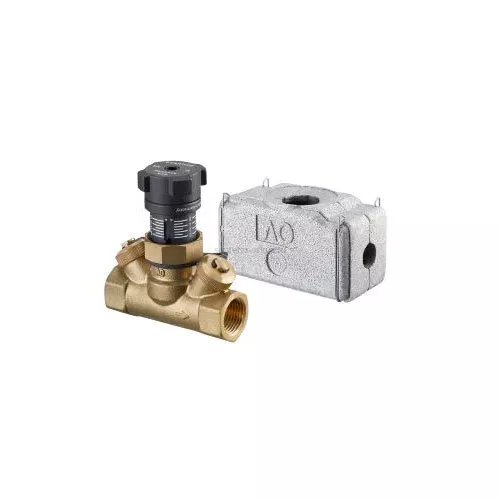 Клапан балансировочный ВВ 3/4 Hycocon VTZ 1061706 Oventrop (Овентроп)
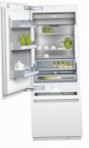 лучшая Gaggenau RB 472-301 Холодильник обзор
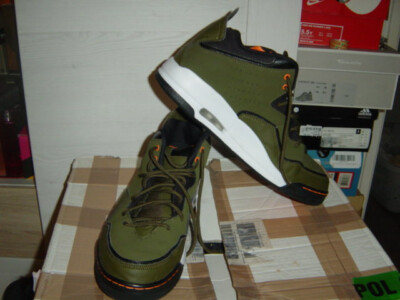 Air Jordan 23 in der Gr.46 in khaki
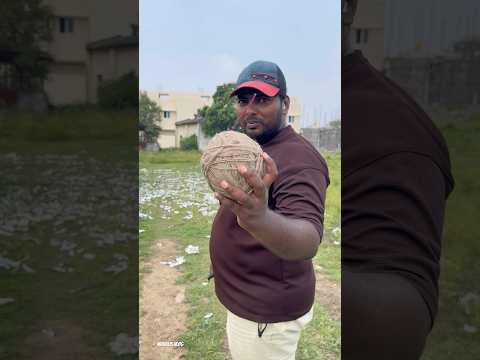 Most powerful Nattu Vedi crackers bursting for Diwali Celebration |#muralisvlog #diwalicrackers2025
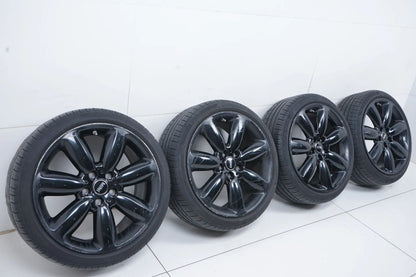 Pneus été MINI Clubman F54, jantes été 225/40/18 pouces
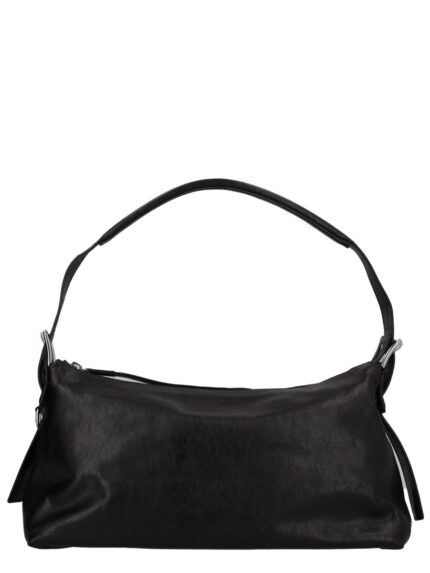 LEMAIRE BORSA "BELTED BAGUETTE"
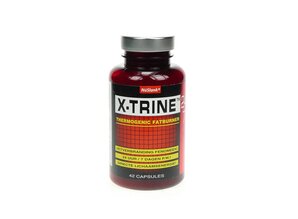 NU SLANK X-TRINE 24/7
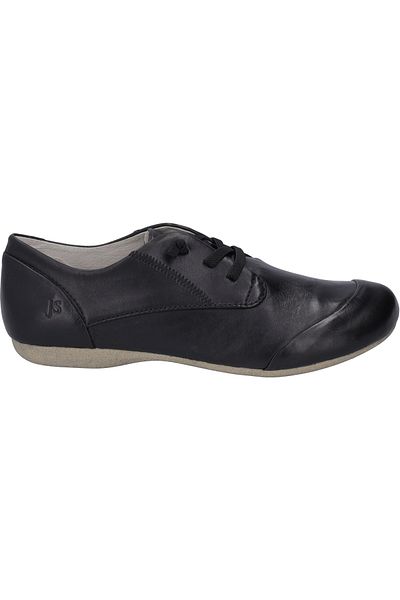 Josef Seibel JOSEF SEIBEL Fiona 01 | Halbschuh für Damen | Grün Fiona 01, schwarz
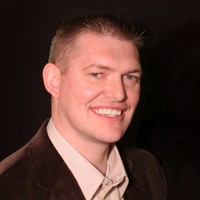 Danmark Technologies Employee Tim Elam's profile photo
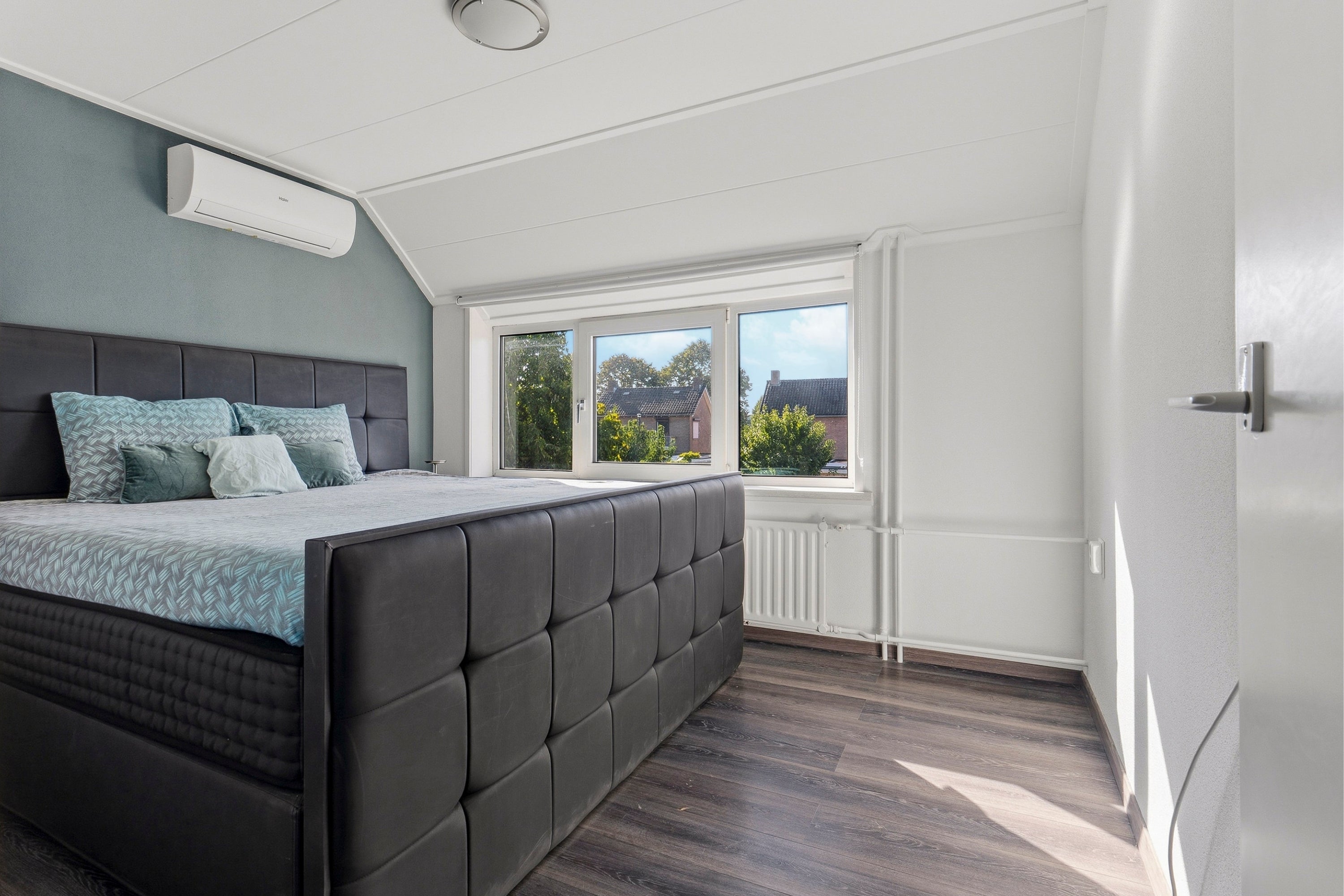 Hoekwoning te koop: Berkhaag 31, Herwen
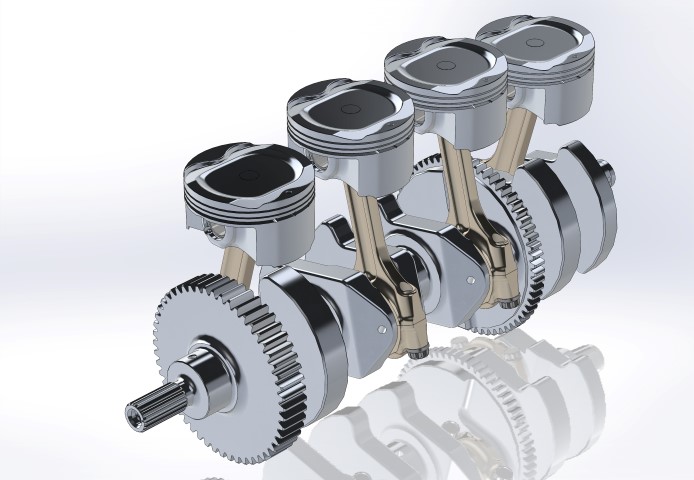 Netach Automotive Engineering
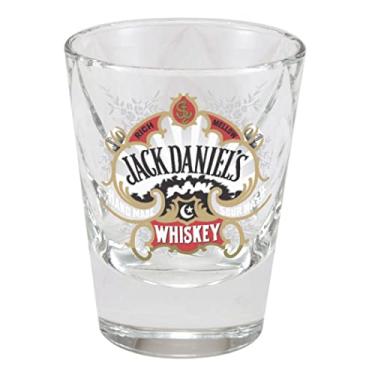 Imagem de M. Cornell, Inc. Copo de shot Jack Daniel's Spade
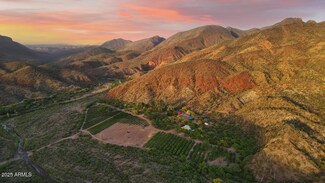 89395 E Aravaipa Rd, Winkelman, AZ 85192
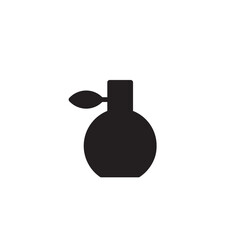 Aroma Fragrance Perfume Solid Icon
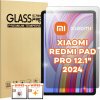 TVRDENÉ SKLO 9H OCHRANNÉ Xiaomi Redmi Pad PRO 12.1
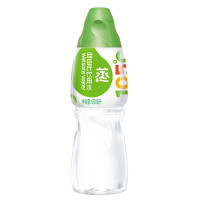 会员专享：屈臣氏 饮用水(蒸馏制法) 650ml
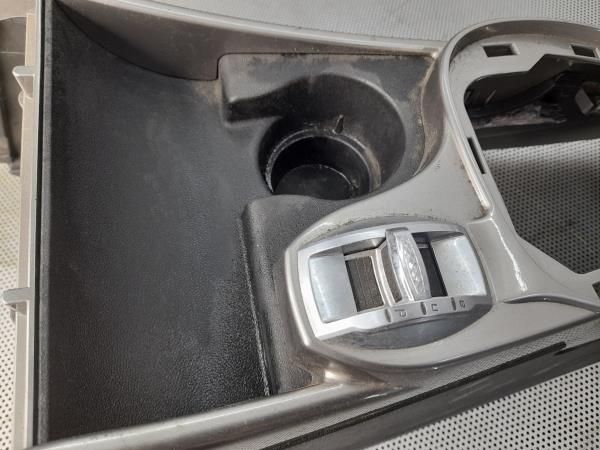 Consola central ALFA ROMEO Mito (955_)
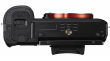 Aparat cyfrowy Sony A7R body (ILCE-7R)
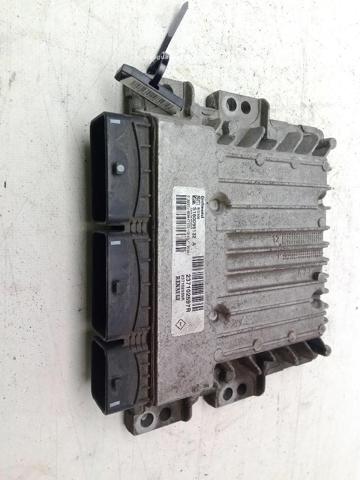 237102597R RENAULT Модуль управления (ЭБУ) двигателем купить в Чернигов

* * *

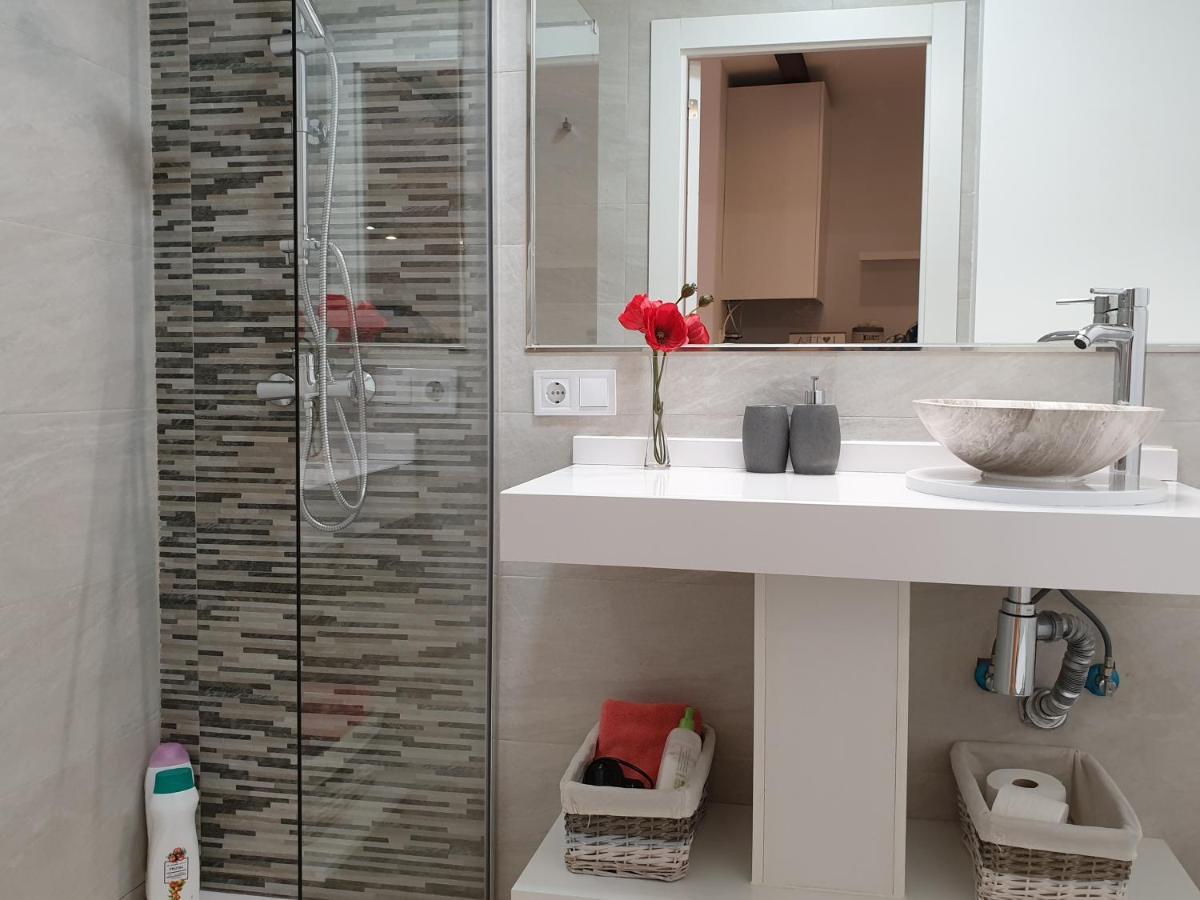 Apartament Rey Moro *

* * *

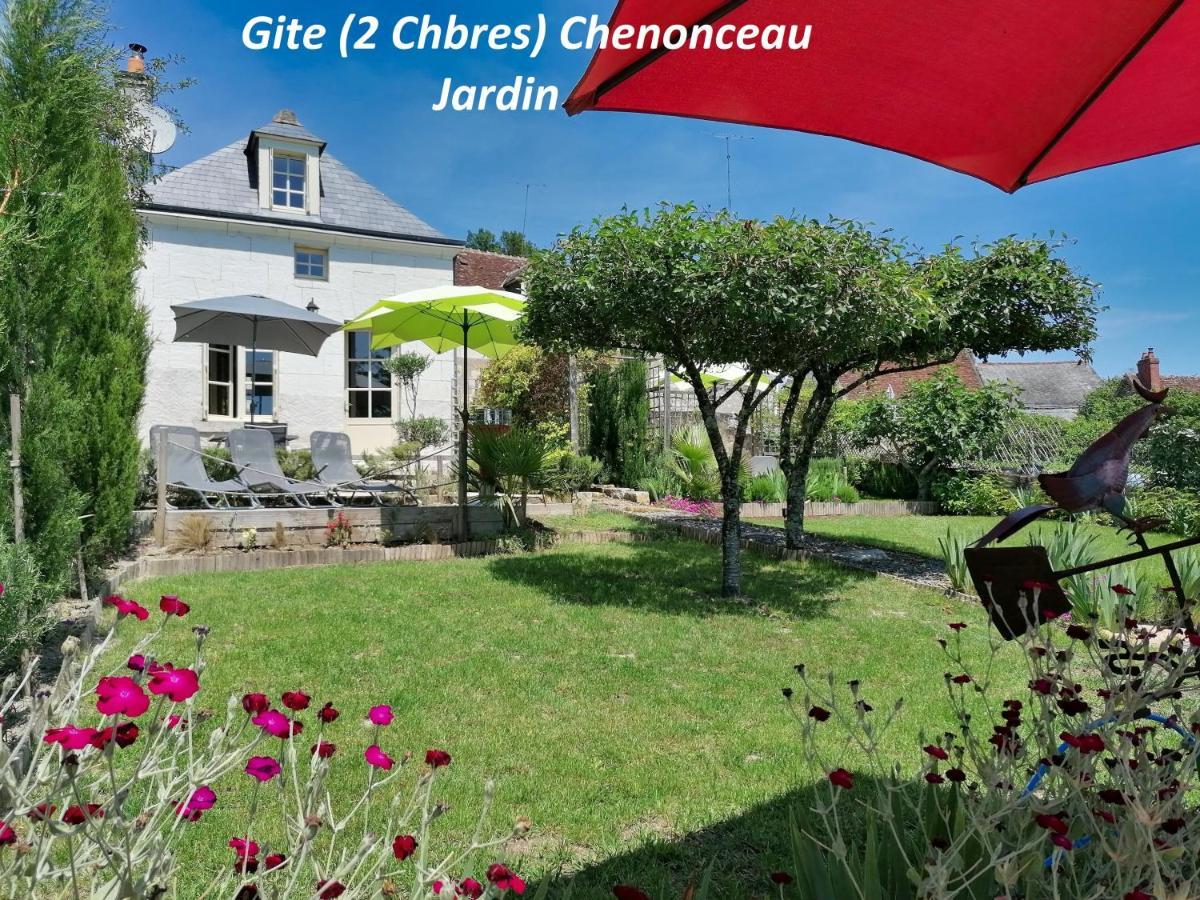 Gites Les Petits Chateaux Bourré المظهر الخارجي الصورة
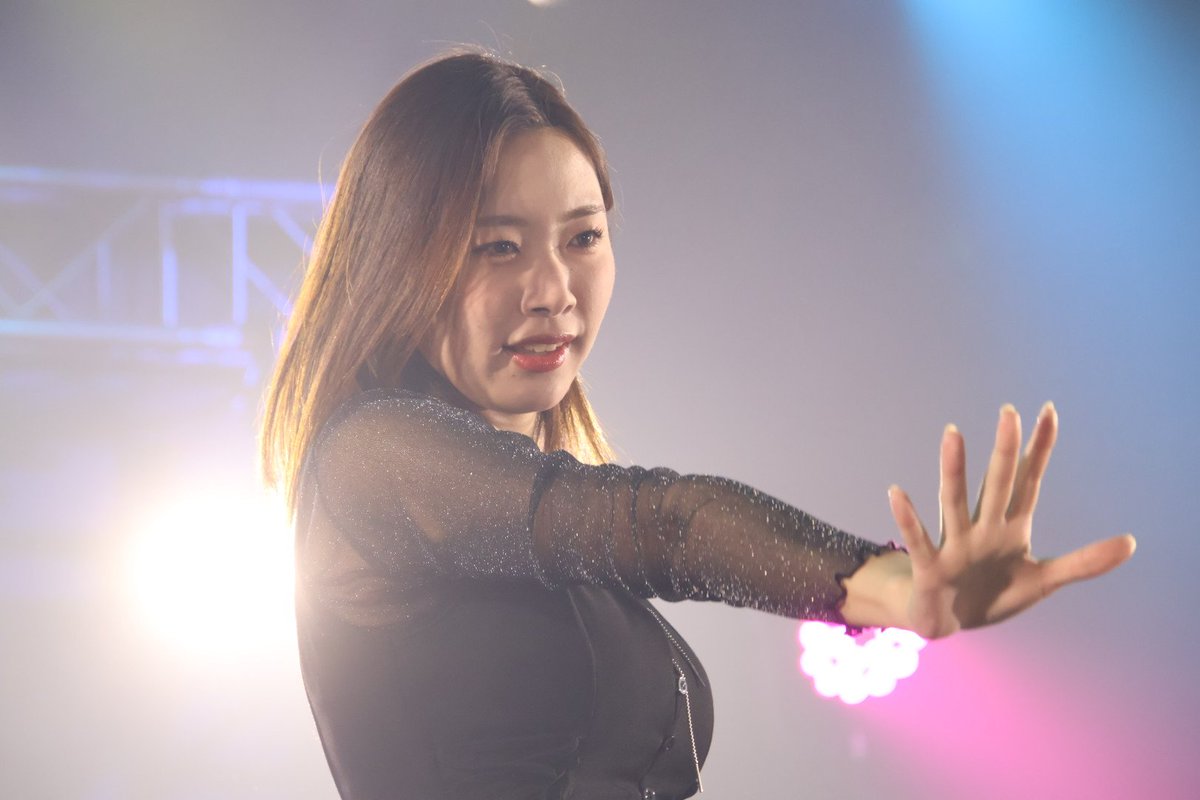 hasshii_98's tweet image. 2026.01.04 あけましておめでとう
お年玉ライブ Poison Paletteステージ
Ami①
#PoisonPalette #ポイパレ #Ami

Problem requirements:
Print exactly the lines above that run from the one with "лучшая Gaggenau RB 472-301 Холодильник обзор" down to the one with "Aparat cyfrowy Sony A7R body (ILCE-7R)", and omit the pictures.

Answer box:
 лучшая Gaggenau RB 472-301 Холодильник обзор
 Air Jordan 23 in der Gr.46 in khaki
 Most powerful Nattu Vedi crackers bursting for Diwali Celebration |#muralisvlog #diwalicrackers2025
 Pneus été MINI Clubman F54, jantes été 225/40/18 pouces
 LEMAIRE BORSA "BELTED BAGUETTE"
 NU SLANK X-TRINE 24/7
 Josef Seibel JOSEF SEIBEL Fiona 01 | Halbschuh für Damen | Grün Fiona 01, schwarz
 Danmark Technologies Employee Tim Elam's profile photo
 Hoekwoning te koop: Berkhaag 31, Herwen
 Netach Automotive Engineering
 Imagem de M. Cornell, Inc. Copo de shot Jack Daniel's Spade
 89395 E Aravaipa Rd, Winkelman, AZ 85192
 Aroma Fragrance Perfume Solid Icon
 TVRDENÉ SKLO 9H OCHRANNÉ Xiaomi Redmi Pad PRO 12.1
 会员专享：屈臣氏 饮用水(蒸馏制法) 650ml
 Consola central ALFA ROMEO Mito (955_)
 Aparat cyfrowy Sony A7R body (ILCE-7R)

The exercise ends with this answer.